WHAT NEEDS TO BE DONE
Retype every line from the top of the entries down to the one with "painting by Varad Vikas Bansod", both included, and skip the pictures.

[Crawled caption data]
▶

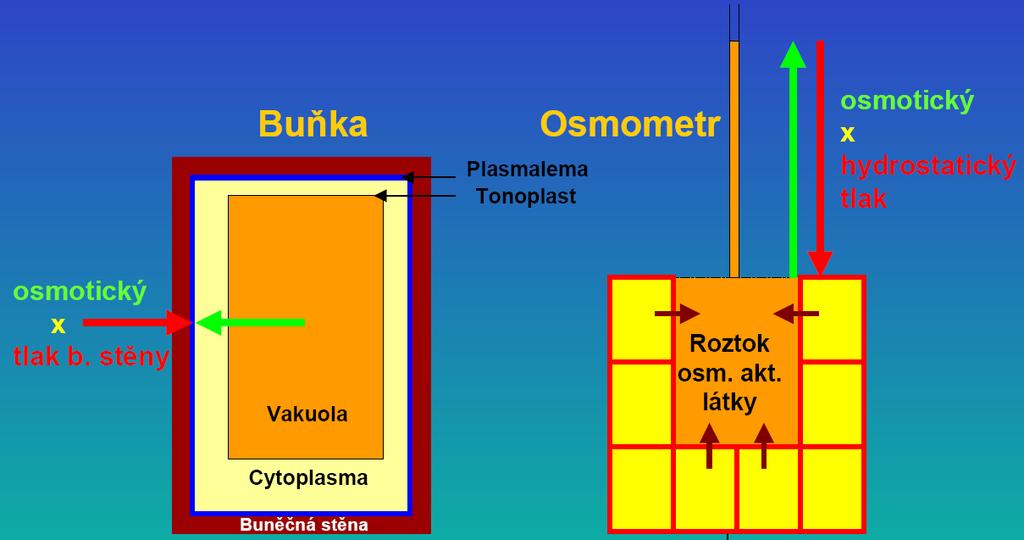 3. Vedení vody rostlinami: vzestupný proud, kořenový vztlak Jak dostat vodu z kořenů až do listů?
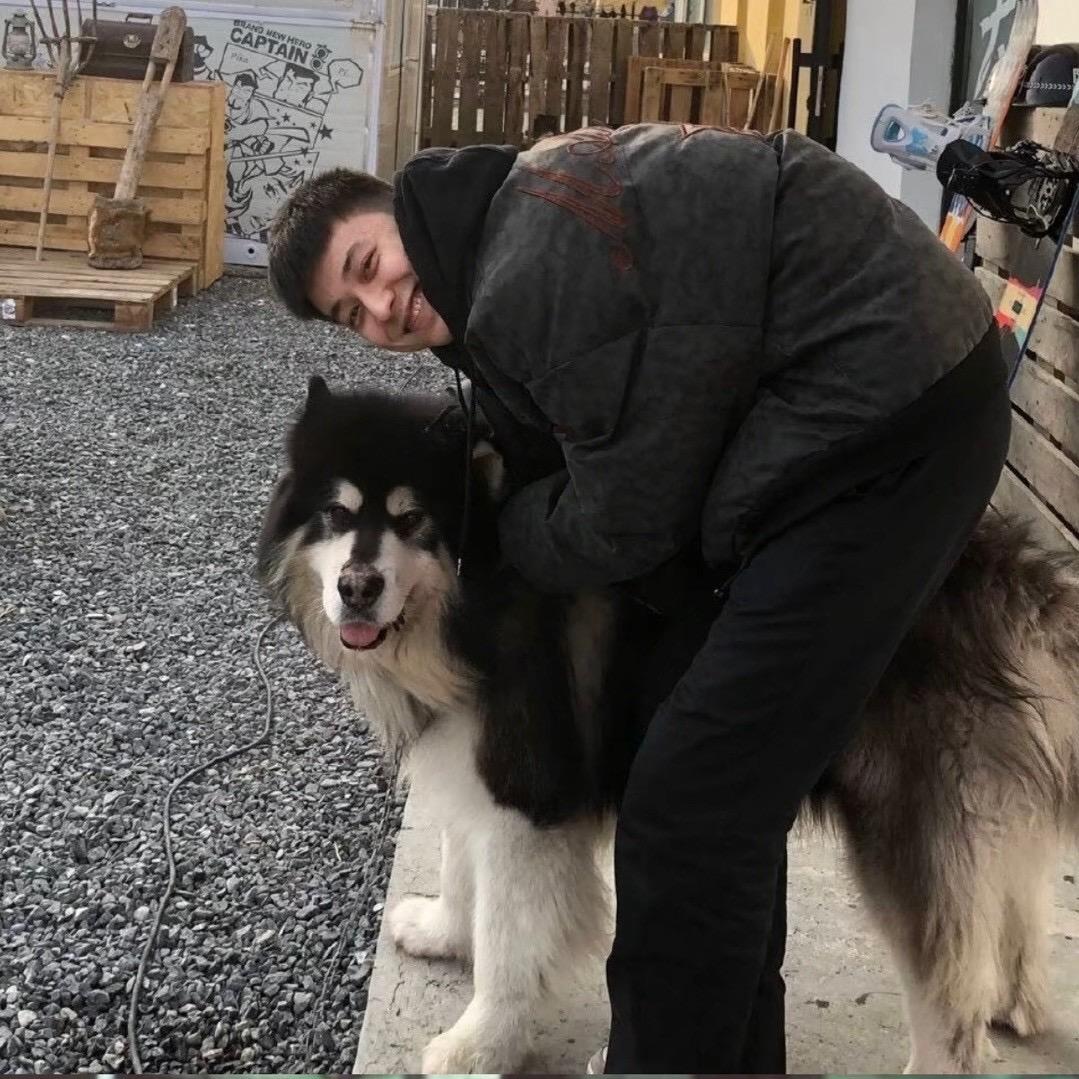 。。。。。。。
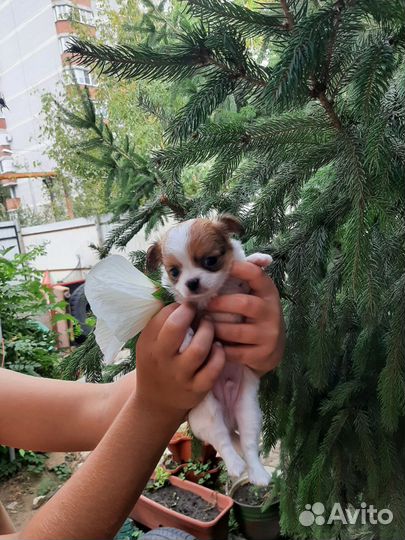Мини Чихуахуа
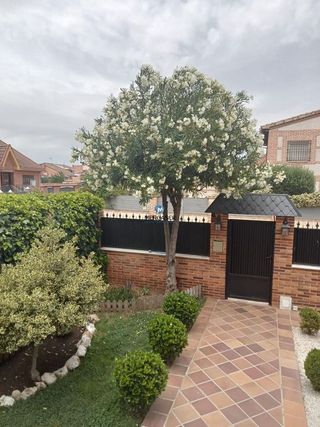 Chalet en venta en Meco pueblo en Meco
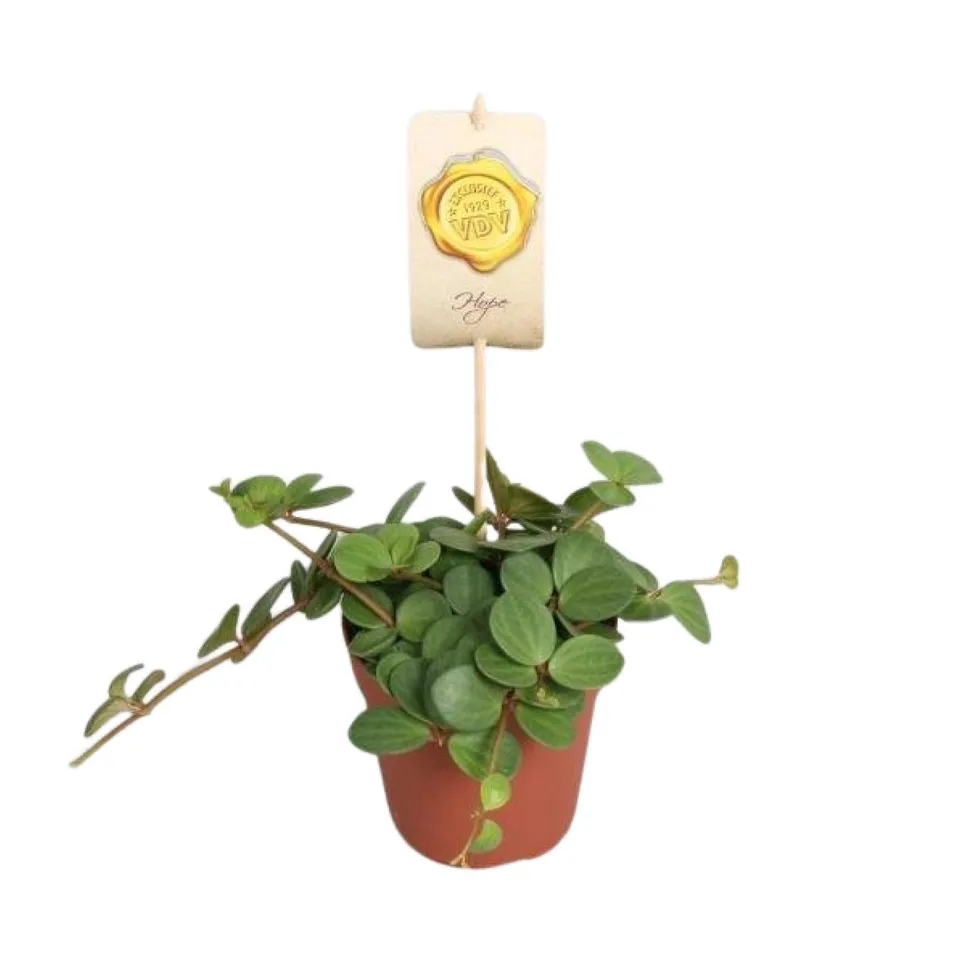 green-guardia-peperomia-hope-peperomie-12-cm-topf image 1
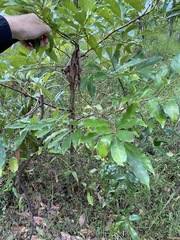 Cryptocarya macdonaldii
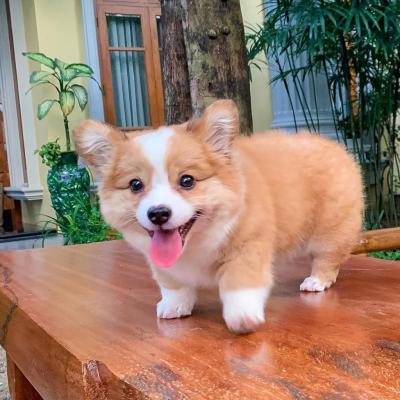 Pembroke Welsh Corgi Puppies for sale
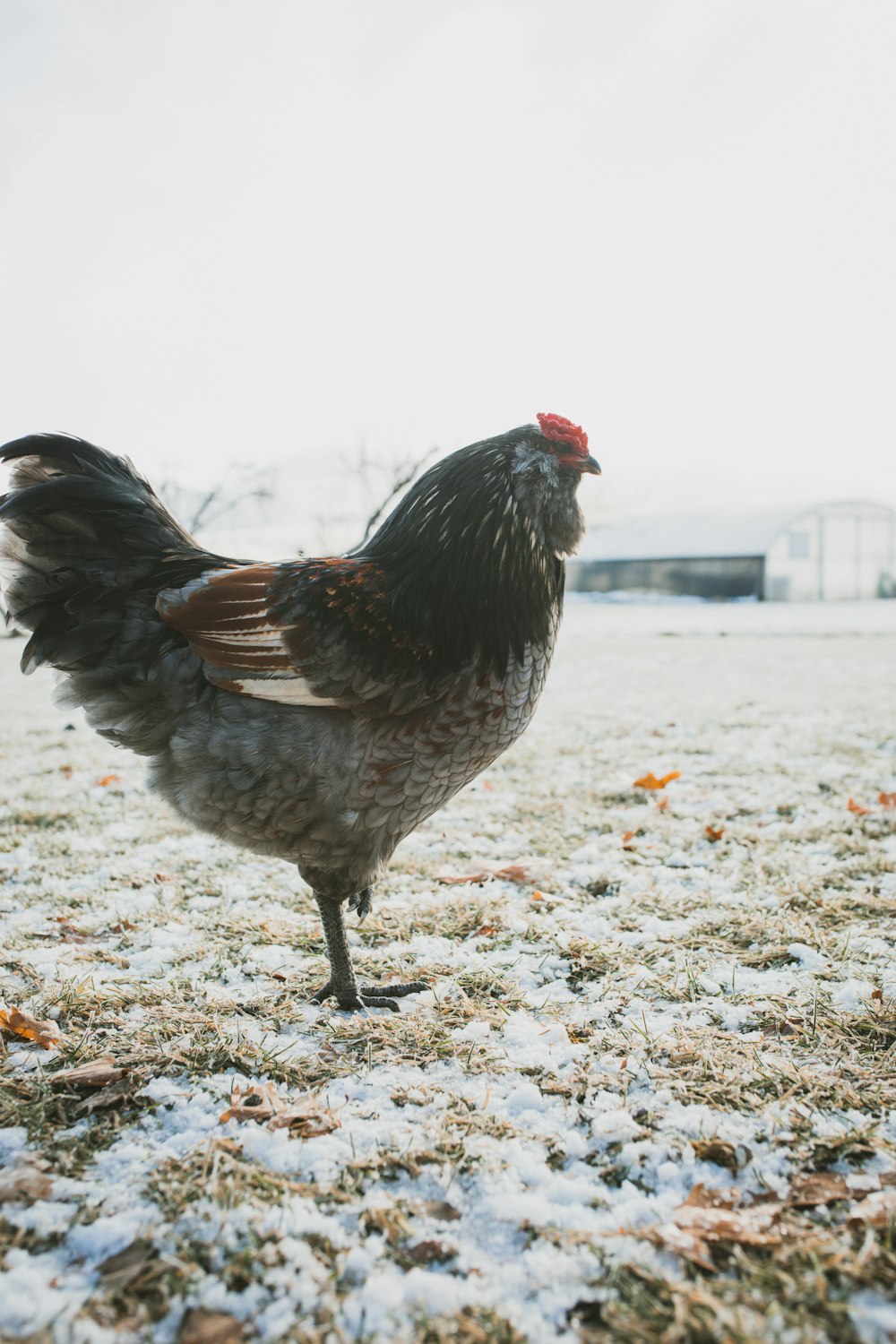 black and brown hen on ground during daytime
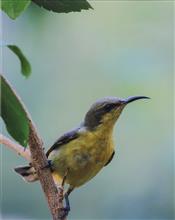 painting by Varad Vikas Bansod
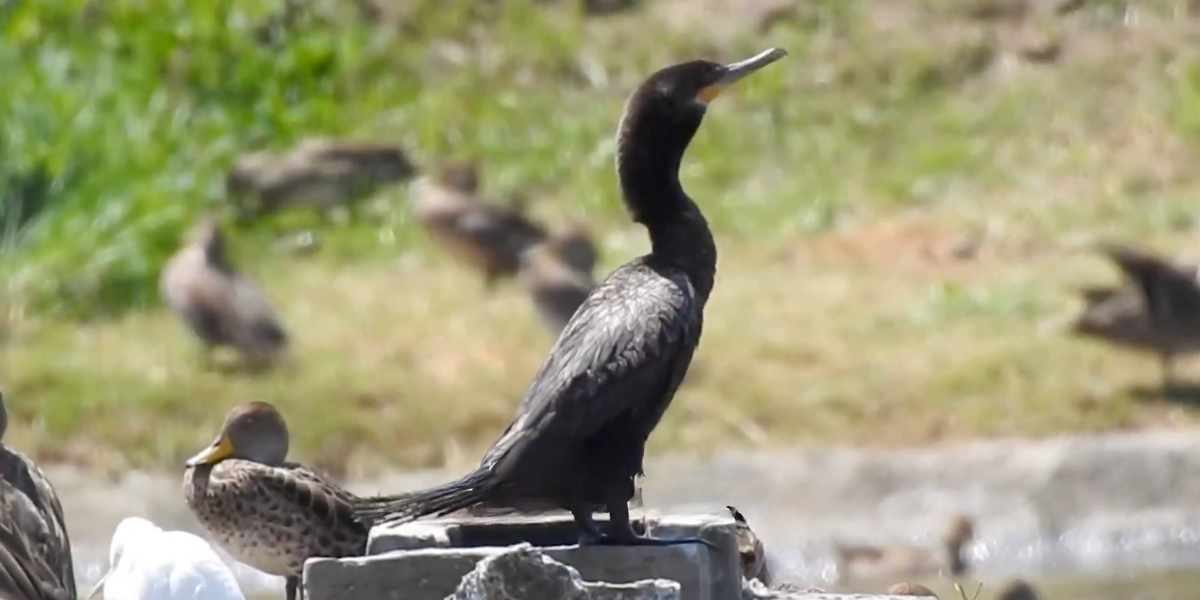 30 especies de aves acuáticas tienen como hogar los reservorios de la Empresa Eléctrica Quito
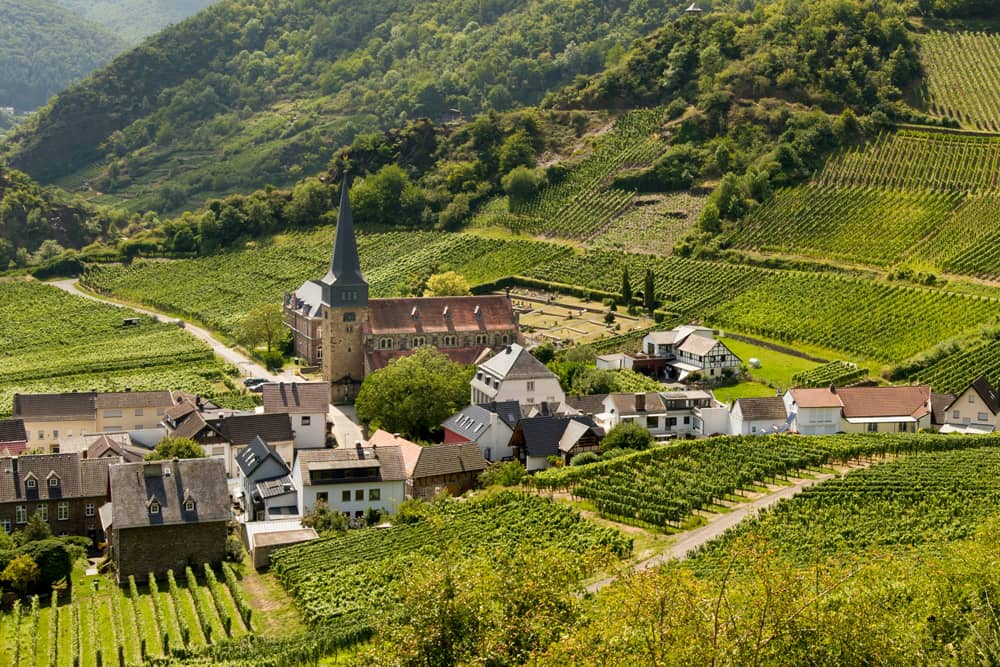 Vignobles Bacchus Conseil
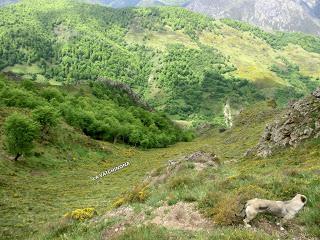 Pigüeña-Pigüeces-Pico del Prao del Niseiro (El Rubio)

◀

RESULT OF THIS EXERCISE
 3. Vedení vody rostlinami: vzestupný proud, kořenový vztlak Jak dostat vodu z kořenů až do listů?
 。。。。。。。
Мини Чихуахуа
 Chalet en venta en Meco pueblo en Meco
 green-guardia-peperomia-hope-peperomie-12-cm-topf image 1
 Cryptocarya macdonaldii
 Pembroke Welsh Corgi Puppies for sale
 black and brown hen on ground during daytime
 painting by Varad Vikas Bansod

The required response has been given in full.